We’ve built what is essentially a full real-time telephony conversational operating system, not just a chatbot, and we’re trying to diagnose where our biggest failures actually are.
What we built:
A live voice pipeline for outbound/inbound calls:
Telephony (8kHz µ-law) → PCM decode → VAD → Silence thresholds → Echo suppression / AEC → STT (Deepgram/Groq/Sarvam) → Validation / hallucination filters → State machine → LLM (Groq LLaMA) → TTS (Grok) → Playback
Current capabilities:
Real-time Hindi + Hinglish support
Sales / lead-gen / support agents
Silero VAD
Deepgram Nova-3 primary STT
Groq LLaMA 3.x
Grok TTS
Barge-in
Sentence streaming
TTS cache
Carrier suppression
Hallucination filtering
Hindi grammar / transliteration optimization
Pipecat-style orchestration
FAISS RAG
The problem:
Users often feel like:
“The AI forgot what I said”
or
“It stopped responding”
or
“It heard me but replied weirdly”
But from logs, the LLM itself is often fine.
What we’re seeing:
STT:
Hindi strong
Hinglish moderate
Brand/model names weak
Short acknowledgements (“haan”, “ji”) vulnerable
Some blank transcripts / segmentation misses
TTS:
Biggest bottleneck
1.1–2.4s latency
“Response ended prematurely”
Long Hindi promotional lines degrade badly
Pipeline suspicion:
We may have over-engineered thresholds:
VAD
RMS gates
Silence windows
Echo suppression
Carrier suppression
Hallucination filtering
Confidence thresholds
Our current hypothesis:
This may not be a memory problem.
It may be a pipeline integrity problem where user intent is getting:
Clipped before STT
Mis-segmented
Filtered out
Suppressed during state transitions
Corrupted before conversational memory ever forms
Example:
Caller says a short Hindi response during suppression or barge-in window → speech never becomes canonical transcript → LLM never truly receives it → AI appears forgetful.

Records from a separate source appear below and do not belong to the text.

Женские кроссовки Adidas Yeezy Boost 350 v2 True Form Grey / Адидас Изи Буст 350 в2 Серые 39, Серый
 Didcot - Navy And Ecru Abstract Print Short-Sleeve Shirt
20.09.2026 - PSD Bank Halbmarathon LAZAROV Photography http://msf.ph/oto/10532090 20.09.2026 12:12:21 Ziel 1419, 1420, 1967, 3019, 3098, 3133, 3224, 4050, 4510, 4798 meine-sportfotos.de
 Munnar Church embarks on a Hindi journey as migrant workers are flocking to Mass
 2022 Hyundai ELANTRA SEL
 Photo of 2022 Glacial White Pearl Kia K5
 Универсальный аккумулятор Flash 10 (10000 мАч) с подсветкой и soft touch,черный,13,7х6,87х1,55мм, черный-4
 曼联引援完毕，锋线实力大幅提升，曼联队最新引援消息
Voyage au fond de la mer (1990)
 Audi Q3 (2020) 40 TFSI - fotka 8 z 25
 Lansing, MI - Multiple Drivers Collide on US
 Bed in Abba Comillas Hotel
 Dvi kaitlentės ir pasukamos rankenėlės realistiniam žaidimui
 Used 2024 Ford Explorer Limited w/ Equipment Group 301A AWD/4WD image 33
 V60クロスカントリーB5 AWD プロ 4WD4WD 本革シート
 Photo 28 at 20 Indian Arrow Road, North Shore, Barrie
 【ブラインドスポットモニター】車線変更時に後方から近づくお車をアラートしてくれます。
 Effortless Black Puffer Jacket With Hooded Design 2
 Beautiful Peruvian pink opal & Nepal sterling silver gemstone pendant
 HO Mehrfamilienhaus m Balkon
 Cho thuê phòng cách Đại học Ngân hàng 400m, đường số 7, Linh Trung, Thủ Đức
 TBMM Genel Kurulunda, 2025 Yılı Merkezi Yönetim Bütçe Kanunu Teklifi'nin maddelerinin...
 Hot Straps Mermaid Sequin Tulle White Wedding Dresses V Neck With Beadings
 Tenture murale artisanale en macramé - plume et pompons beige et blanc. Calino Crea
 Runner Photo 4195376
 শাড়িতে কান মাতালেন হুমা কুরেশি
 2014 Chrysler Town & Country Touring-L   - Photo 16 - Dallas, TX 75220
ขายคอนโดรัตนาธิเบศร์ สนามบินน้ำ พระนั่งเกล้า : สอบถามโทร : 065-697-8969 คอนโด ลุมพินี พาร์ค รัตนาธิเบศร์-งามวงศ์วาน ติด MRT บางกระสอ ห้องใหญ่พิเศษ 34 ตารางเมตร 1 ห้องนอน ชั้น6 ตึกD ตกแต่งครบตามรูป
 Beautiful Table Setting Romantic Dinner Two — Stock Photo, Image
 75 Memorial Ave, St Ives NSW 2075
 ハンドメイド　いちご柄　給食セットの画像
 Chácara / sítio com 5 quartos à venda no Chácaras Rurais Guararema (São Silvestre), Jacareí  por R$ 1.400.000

Questions for people who’ve built production voice stacks:
- Where do advanced telephony systems most commonly lose conversational fidelity?
VAD?
Endpointing?
Suppression windows?
STT confidence gates?
State machine transitions?
- For Hindi/Hinglish specifically:
How are people handling:
Short acknowledgements
Code-switching
Brand names
Telecom narrowband degradation?
- Would you simplify the stack?
Are we harming reliability by stacking too many protections before STT?
- TTS:
Would you prioritize:
Faster lower-quality speech
Smaller sentence chunks
Interruptibility
over polished voice quality?
- Architecture:
At what point does “production safety” become “signal destruction”?
Brutal honesty welcome:
If this architecture sounds overbuilt, fragile, or fundamentally mis-prioritized, I’d genuinely love to hear it.
We’re trying to move from:
“Smart AI on a fragile phone line”
to:
“Reliable conversational telecom system”
Right now it feels like our AI may actually be smarter than the user experience — but too much user intent dies before intelligence can act.
Would really appreciate insights from:
Voice AI engineers
Contact center architects
Telecom DSP people
Deepgram / Whisper / Pipecat builders
Hindi ASR/TTS teams
Thanks — looking for architecture-level criticism, not just model suggestions.